João Marcello Borba Leite – Neurologista e Neurofisiologista Clínico
Introdução
A obesidade é hoje uma das maiores crises de saúde do século XXI. O aumento exponencial da prevalência em praticamente todos os continentes não pode ser explicado por mudanças genéticas, que acontecem ao longo de séculos, mas por transformações rápidas e profundas no ambiente alimentar e social. Ainda assim, boa parte da comunidade científica e médica insiste em frases de efeito como “obesidade não é uma escolha”, deslocando o foco para a biologia individual e deixando em segundo plano o verdadeiro motor da epidemia: o ambiente.
O que a ciência já comprovou
Há consenso robusto de que a expansão dos alimentos ultraprocessados — ricos em aditivos, açúcar refinado, gordura industrializada e pobres em fibras — é o principal fator por trás da escalada global da obesidade. A isso se somam a urbanização acelerada, o sedentarismo ligado à vida moderna e a exposição crescente a telas e transportes passivos.
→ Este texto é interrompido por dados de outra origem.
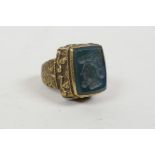 An Ottoman style brass intaglio ring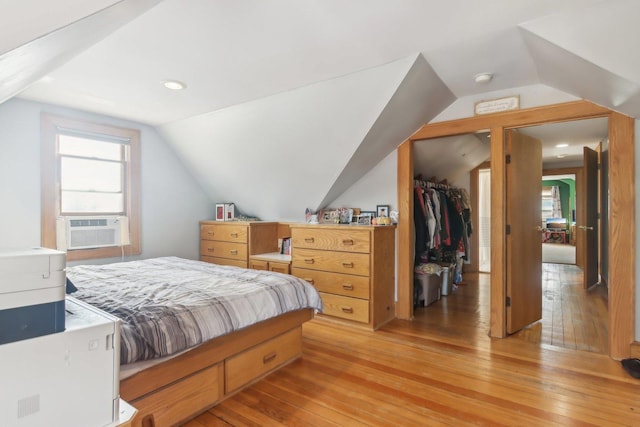 bedroom featuring lofted ceiling, cooling unit, light wood-style flooring, and a spacious closet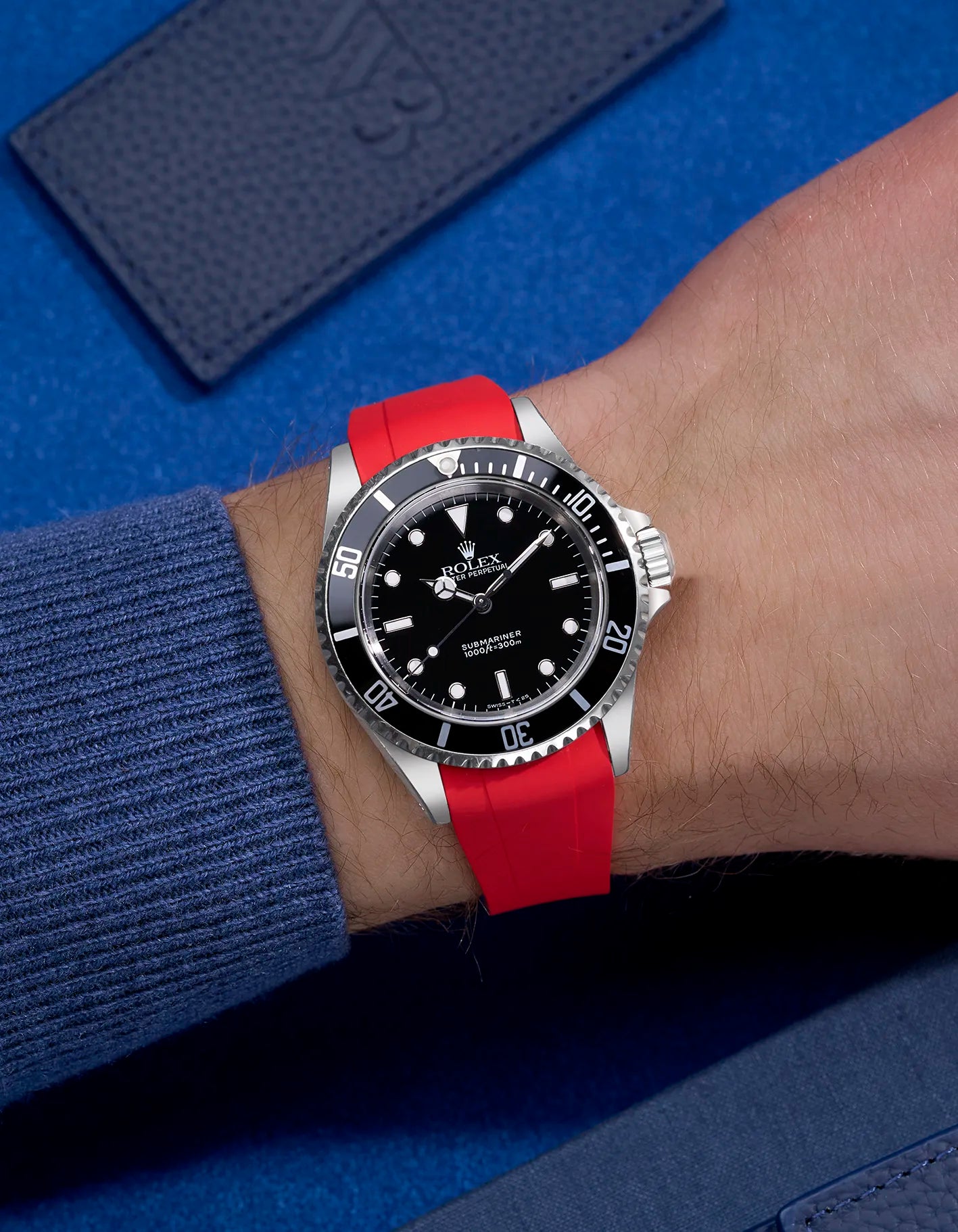 Rolex Submariner 16610 and 14060 on red FKM rubber strap with original clasp integration – wrist shot on blue background
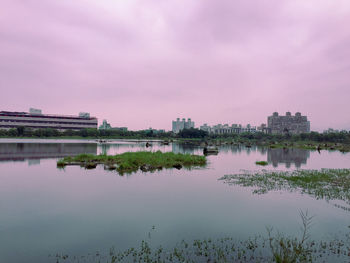 Reflection of buildings in lake against sky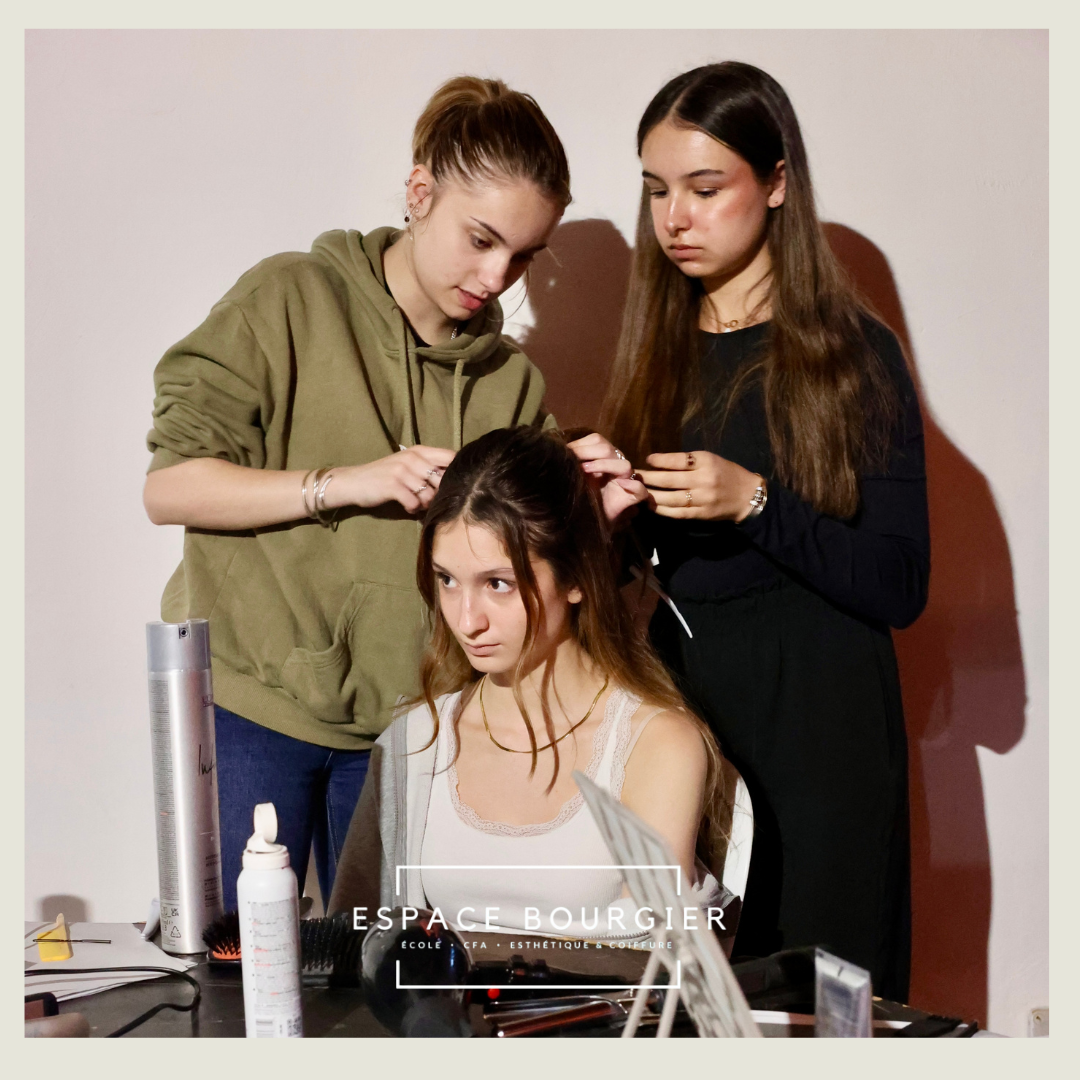 Deux coiffeurs ajustent la coiffure d'un mannequin assis dans un salon, avec des outils de coiffure posés sur la table.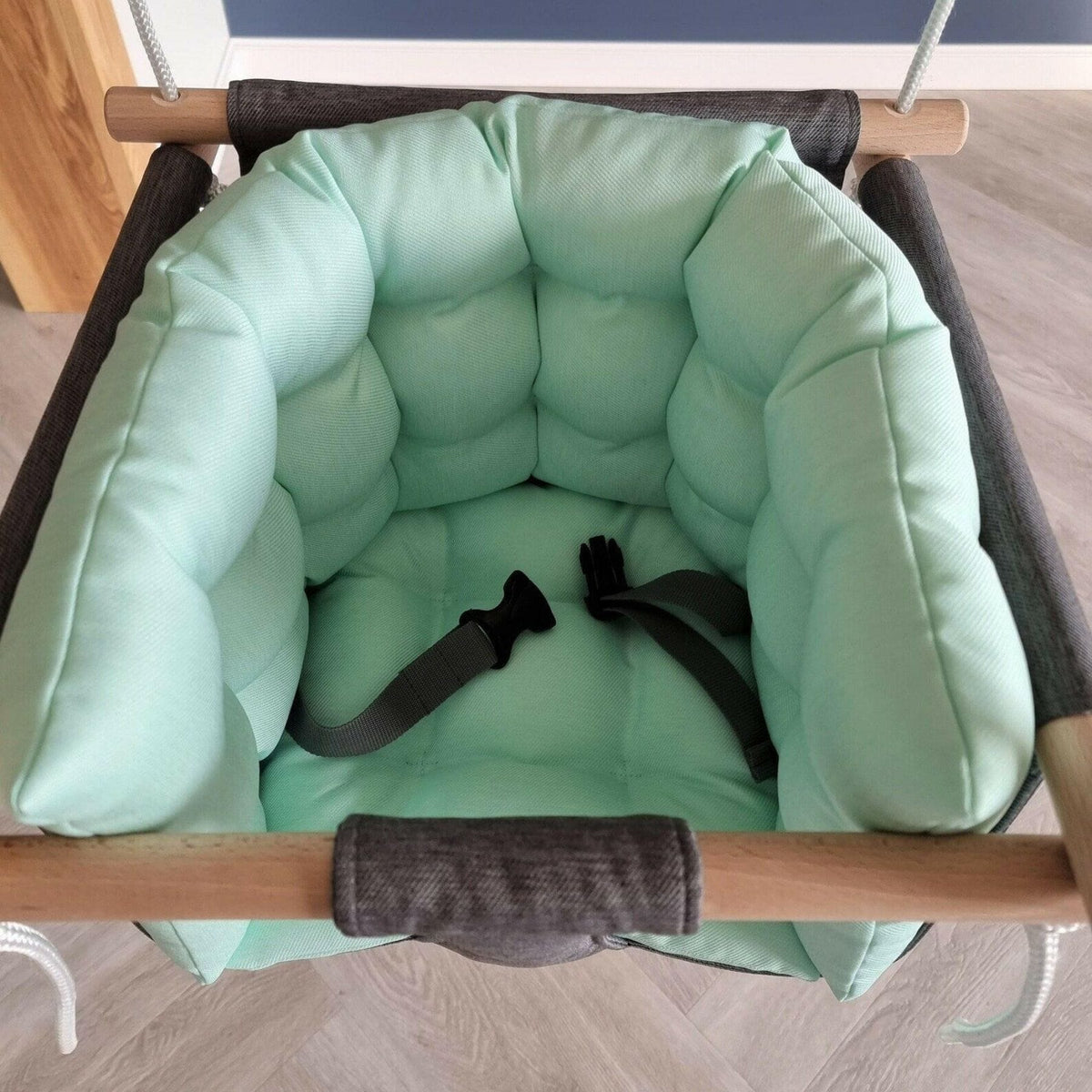Blick von oben in die Schaukel mit mintfarbenen Kissen und Gurt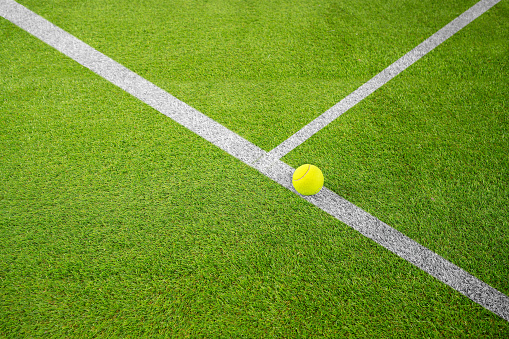 Closeup of one yellow tennis ball or paddle tennis and white lines on green court. Horizontal sport poster, greeting cards, headers, website
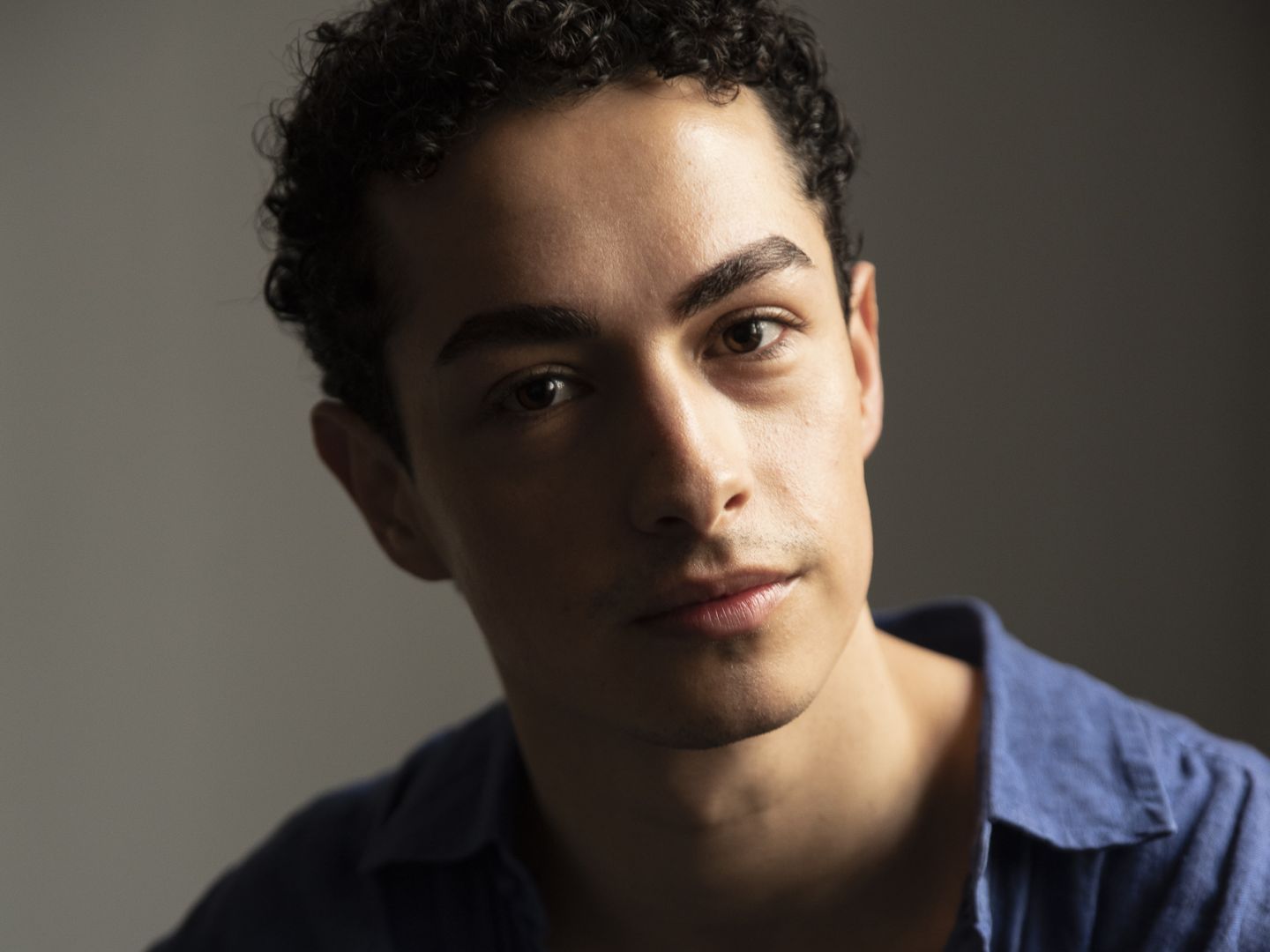 Portraitfoto von Jonathan Joèl Albrecht in blauem Hemd.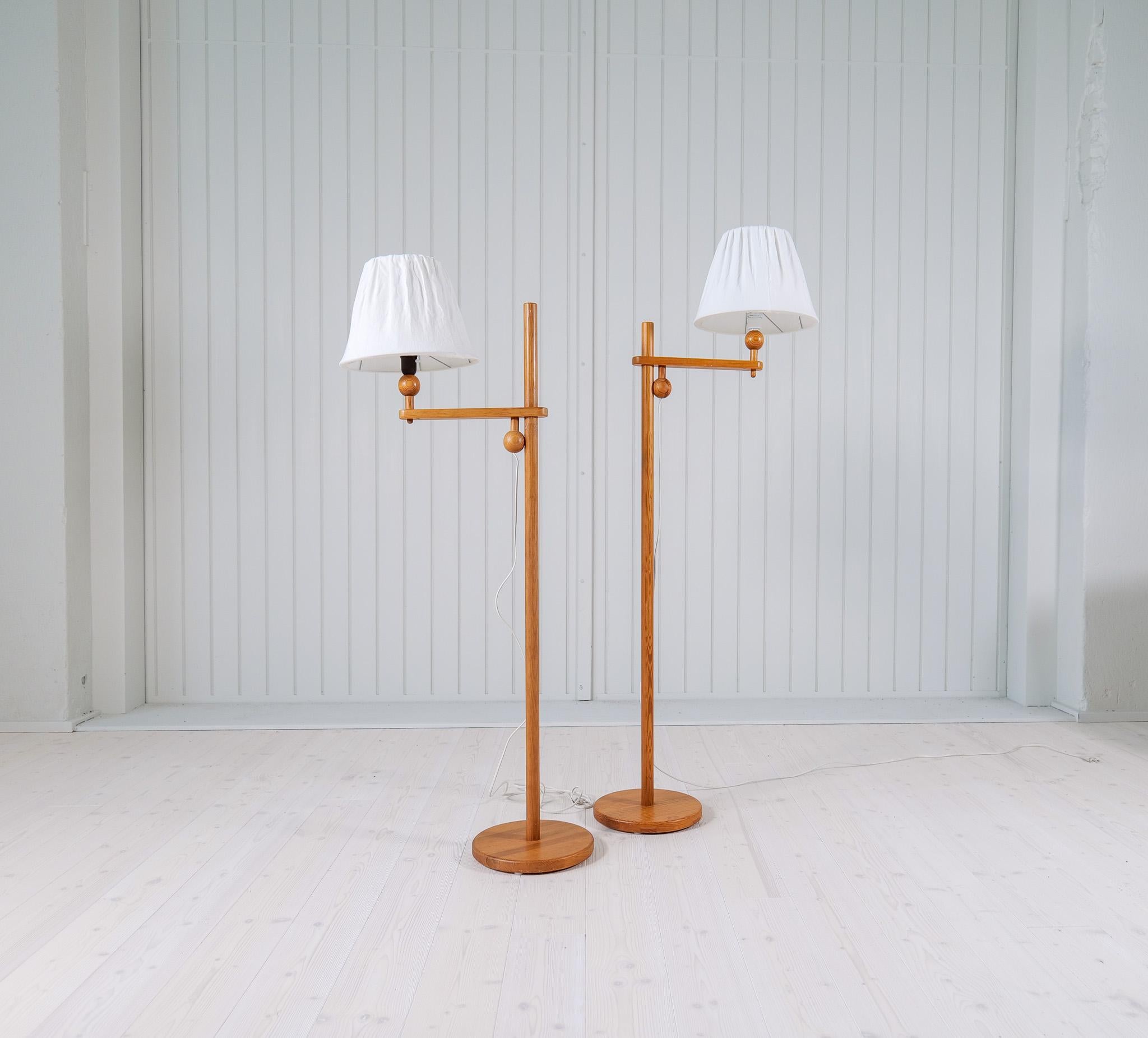 Floor lamps manufactured in Sweden. It’s made in solid pine. These ones with organically sculptured pine that gives a wonderful floor lamp. 

Nice vintage condition, small marks, and wear original shades with some wear.

Dimensions: Height 140cm,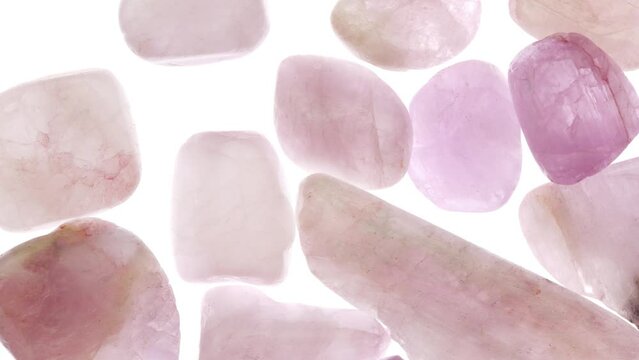 Morganite heap up jewel stones texture on white light isolated background. Moving right seamless loop backdrop.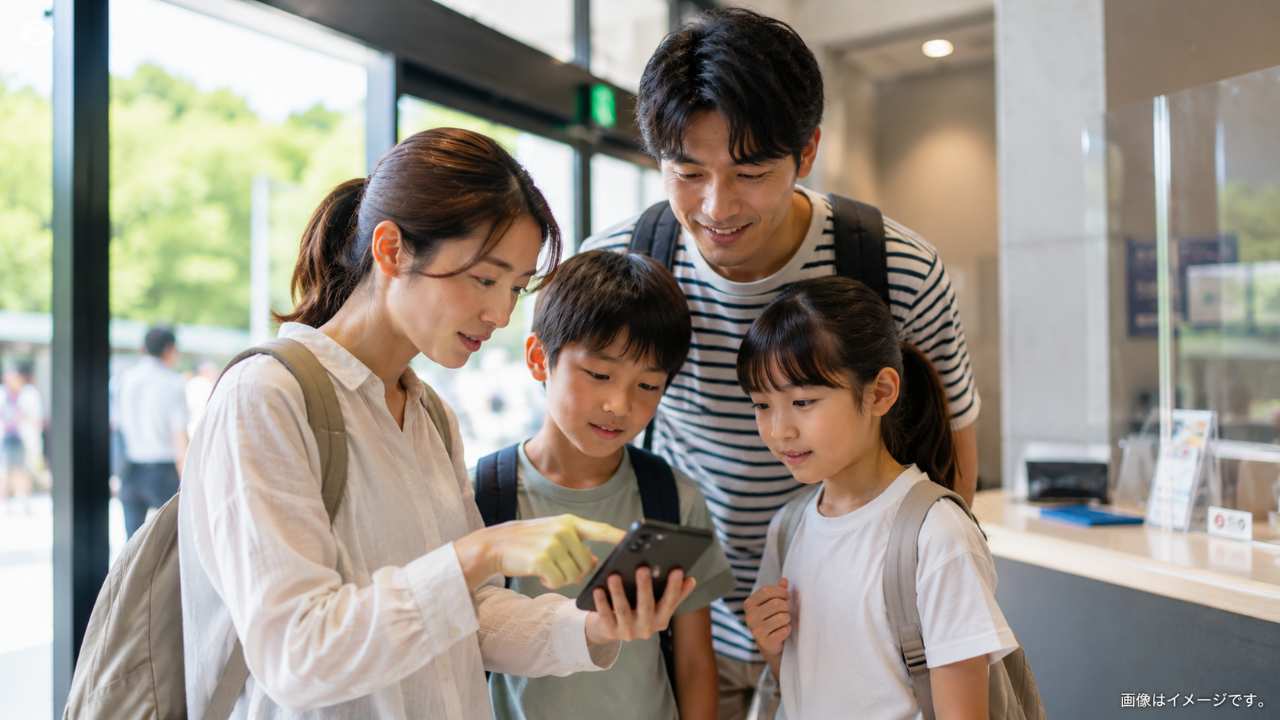 スマートフォンのクーポン画面と複数の入館券を見比べる家族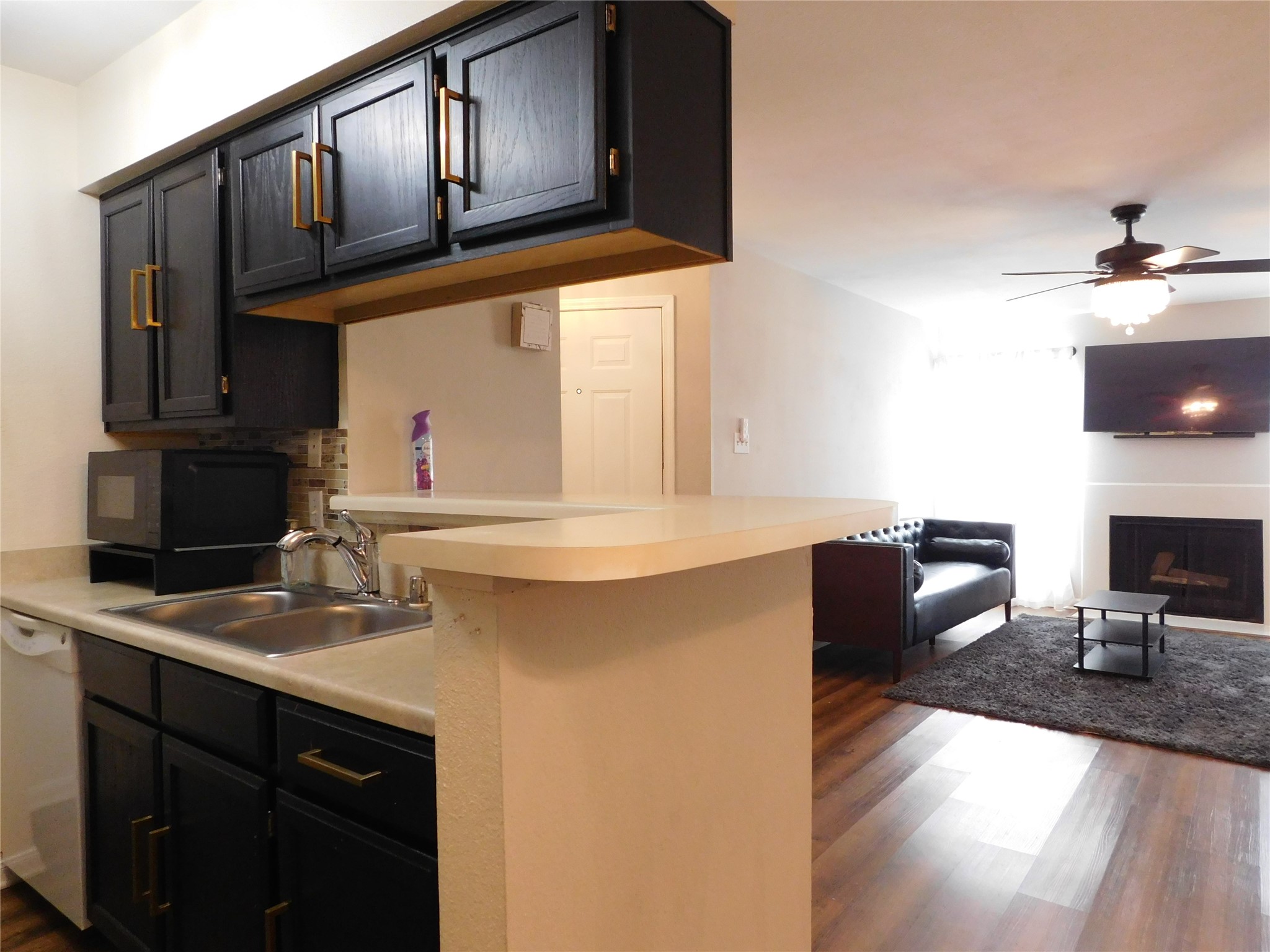 10101 South Gessner Road, Unit 912 Houston, TX 77071 - Photo 16 of 47 a kitchen with stainless steel appliances granite countertop a sink dishwasher stove and cabinets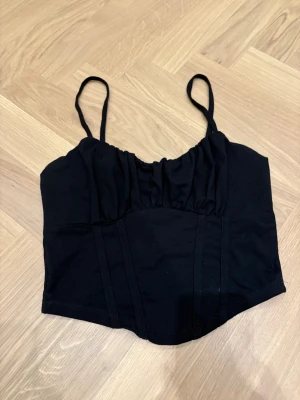 Svart korsett-topp från Dilvin - Svart korsett-topp från Dilvin med smala axelband och markerade sömmar framtill. Toppen har en lätt rynkad överdel och är croppad i modellen. Perfekt för att lyfta vilken outfit som helst.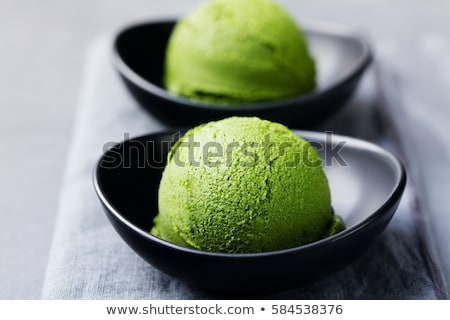 Foto d'archivio: Matcha Ice Cream Scoop In Bowl Stone Background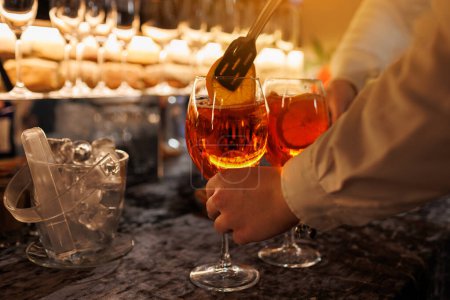 Foto de Cantinero hace dos vasos de cóctel Aperol spritz en el mostrador del bar, añade rodajas de naranja fresca. Bebida típica italiana alcohólica, aperitivo elaborado con vino blanco espumoso Prosecco y cubitos de hielo - Imagen libre de derechos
A genética entra como modulador. Existem variantes que influenciam a resposta de circuitos hipotalâmicos reguladores da fome e da saciedade, bem como genes que modulam a sensibilidade dopaminérgica aos estímulos alimentares. Mas esses fatores aumentam probabilidade, não determinam destino. É o ambiente que decide quem, quando e quanto adoece — salvo nos raros casos de obesidade majoritariamente genética, geralmente associada a variantes raras de forte expressão fenotípica.
O discurso oficial e seus limites
O reconhecimento da obesidade como “doença crônica multifatorial” pela OMS e pela AMA trouxe ganhos: redução do estigma, maior aceitação social do tratamento e ampliação da cobertura médica. Mas a simplificação em slogans como “não é escolha” cria uma impressão enganosa de inevitabilidade, quando na maioria dos casos se trata de interação entre vulnerabilidade individual e ambiente adverso.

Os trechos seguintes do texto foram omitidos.